Николай Егорович извинился, сделал вид, что ему нужно в купе. В купе он постоял, раздумывая, что теперь делать, а потом быстро приготовил постель. Когда главреж кукольного театра, а затем и лысый толкач вернулись, он уже лежал на верхней полке. Главреж была поражена, увидев, что Холин даже без просьбы уступил ей нижнюю полку. Она немножко даже была смущена, очевидно, в ее железнодорожной жизни такое случилось впервые. Она даже немного растерялась, так удивил ее Николай Егорович своей сверхлюбезностью. Она даже угостила его яблоком, огромным красным яблоком, что, конечно, человек умный делать бы не стал; умный человек сдержанно поблагодарил, а яблоко бы дарить не стал; дарить яблоко за то, что ты из сверхлюбезности уступил полку, все-таки не следовало, все-таки это было чуточку невежливо, по-жлобски, даже оскорбительно. Главреж это потом сама поняла, потом она стала совсем сдержанной, уж чересчур сдержанной, какой не бывают с человеком, который уступил тебе нижнюю полку и которому ты подарил яблоко. Но она подарила яблоко от неожиданности, от того, что растерялась. А так, по всей видимости, главреж была и достаточно умной, и достаточно воспитанной. Но от неожиданности даже умные и воспитанные люди делают глупости. От неожиданности все люди делают глупости.
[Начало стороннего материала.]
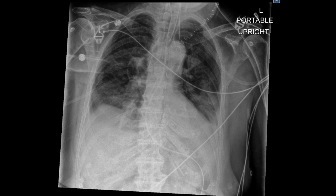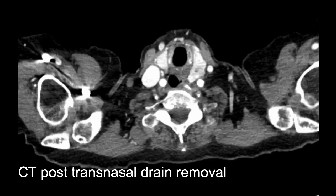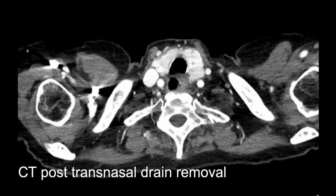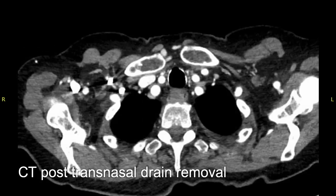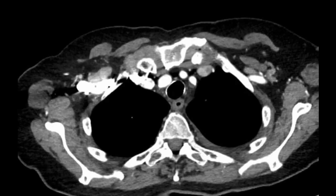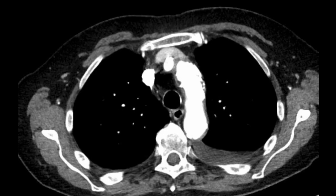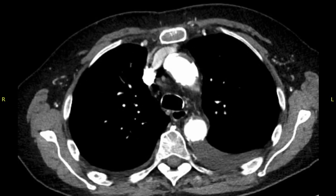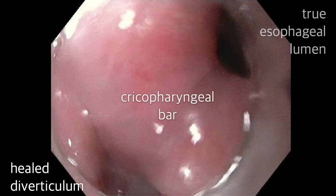Nutrition was given by a percutaneous gastrostomy through the course of her hospital stay. She was tolerating clear fluids prior to discharge. She was followed endoscopically as an outpatient, and the drain was removed under endoscopic guidance at 8 weeks following surgery. CT confirmed resolution of the mediastinal abscess.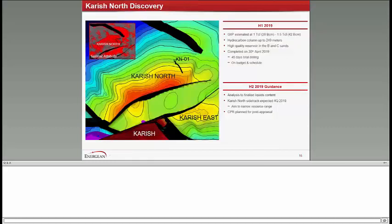On Karish North, which was the discovery that we announced earlier this year, we estimated that we have gas in place of one to one and a half TCF, hydrocarbon column of about 250 meters, and very high quality reservoir in the B&C sand. The well was completed in 45 days, and it is drilled on budget and on schedule. With respect to Karish North, we are planning an appraisal activity later in 2019 to be able to narrow down the resource range, and we will be issuing a CPR that will be done post the appraisal activity to also include our reserve estimates, and we will start then working on the development plan to be able to hook up the Karish North discovery to the main Karish facilities. And the beauty of this asset is that it can be hooked up at a very low cost and allow us to continue with additional gas sales in Israel.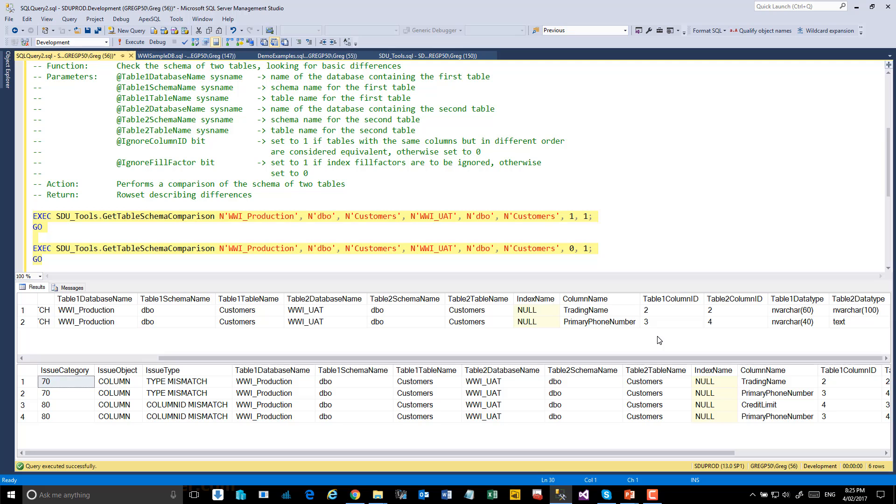Primary phone number is also different. It's Nvarchar 40 in one, and it's a text data type in the other.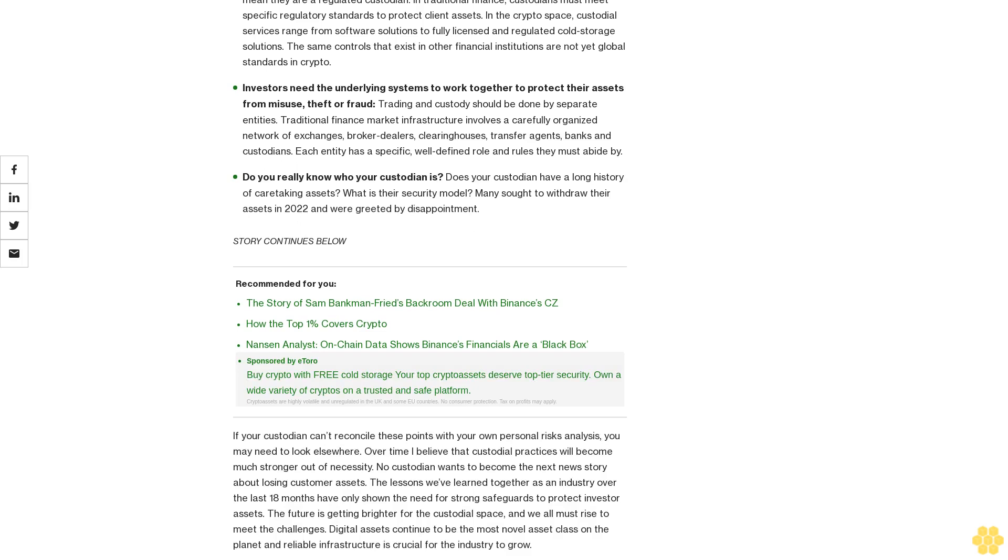The same controls that exist in other financial institutions are not yet global standards in crypto. Investors need the underlying systems to work together to protect their assets from misuse, theft, or fraud. Trading and custody should be done by separate entities. Traditional finance market infrastructure involves a carefully organized network of exchanges, broker-dealers, clearing houses, transfer agents, banks, and custodians.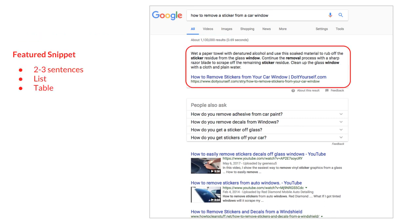The next thing on the page is called a featured snippet. Featured snippets come in three different forms. This one is a two-to-three-sentence answer. They're also shown in lists, and they're also shown in tables. Any one of those three things, shown generally at the top of the results, is called a featured snippet.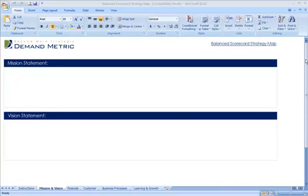The Balanced Scorecard Strategy Map is a tool designed to help you implement the best practices that Kaplan and Norton from Harvard came up with in the early 90s.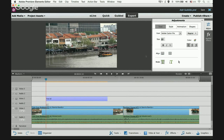You will also see a new text adjustment panel, and inside the preview monitor you will see two boxes — a smaller box and a bigger box — for you to input your text.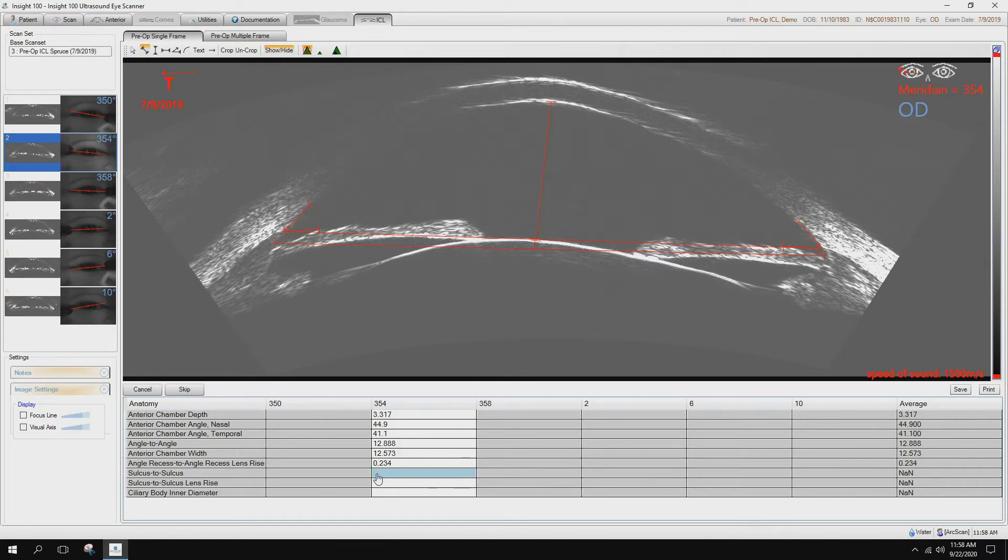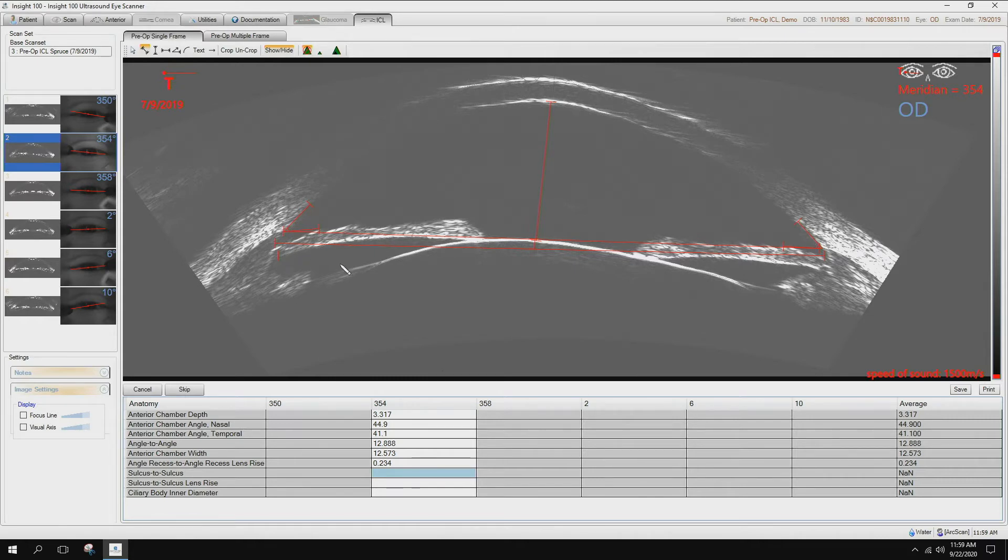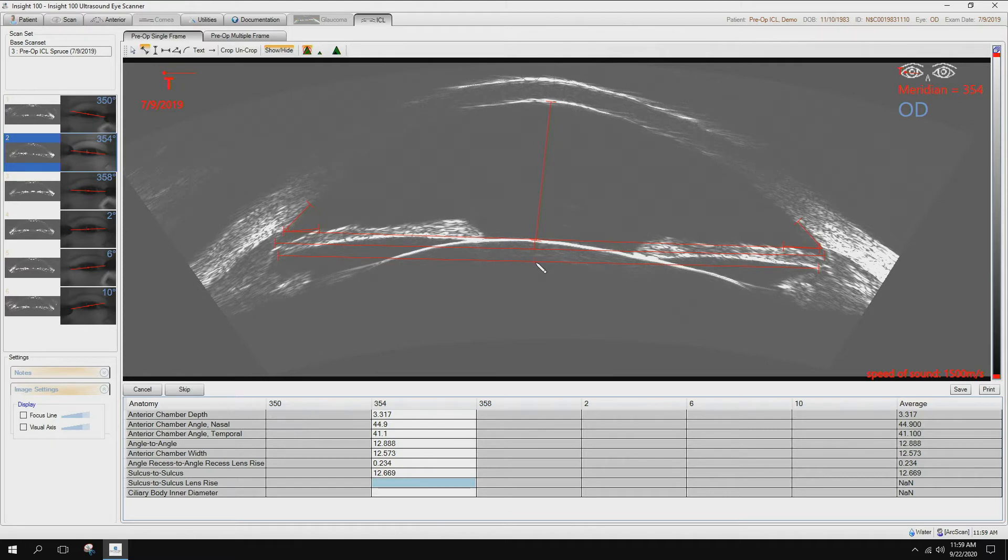The next one is the sulcus to sulcus. This is defined by the pigmentation on the posterior side of the iris. Sulcus to sulcus lens rise, again here, up to there.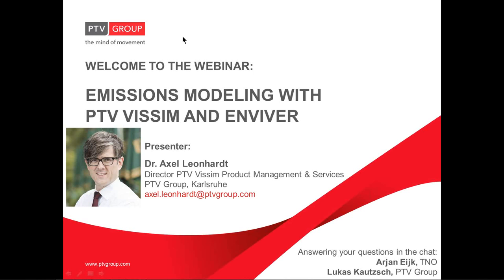Good morning and welcome. Thank you for joining us this webinar on Emissions Modeling with PTV VISSIM and Enviver.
Холин грыз яблоко, смотрел в журнал и думал о главреже кукольного театра. Вернее, не о главреже, а о самом театре. Он не любил кукольный театр. Вернее, не то чтобы не любил – он его не уважал, даже не то чтобы не уважал, а хотя в этом стыдно признаться даже самому себе, он его побаивался. Это осталось с детства. Все более-менее значительное, стойкое, все самое стойкое остается с детства. Кукольный театр тогда здорово пошатнул его веру в мир взрослых людей. Мальчишки врут – он это знал, он и сам врал, просто так, даже не от необходимости, ради удовольствия, как говорится, ради спортивного интереса. Но тогда он еще не сталкивался с враньем взрослых. Его мать никогда не врала. Он не помнит случая, чтобы мать ему врала; мать просто, если хотела что скрыть, говорила – «не знаю». Конечно, мать тоже врала, и он знал, когда она врала. Когда он хотел есть и еды было мало, она врала, что поела на заводе, или по дороге зашла к подруге и перекусила у нее, или что сегодня хлеб попался с довеском, и она съела этот довесок, или еще придумывала что-нибудь. Особенно неправдоподобно было с довеском, и когда мать врала про довесок, то отводила глаза, так неправдоподобно это звучало. Довесок… Как будто она не знала, что такое довесок. Довесок – это полчаса, а если удастся растянуть, то и час блаженства, медленного, мучительного блаженства, блаженства по крошке, пока сварится суп. От целого куска не отрежешь; за то, что отрежешь до поры до времени от целого куска, получишь от матери по макушке. Да и самому неприятно, даже страшновато портить ровную, вроде бы и не человеком отрезанную часть буханки; такая она ровная, с приплющенными ноздрями, такая она устрашающе ровная. А довесок весь, искромсанный вдоль и поперек, и его не надо резать. Особенно если довесок – отставшая, чуть пригорелая корка. Это самая лакомая штука – довесок из отставшей, зажаренной снаружи и запекшейся изнутри хрустящей корки, лакомая и в то же время вроде бы как не хлеб.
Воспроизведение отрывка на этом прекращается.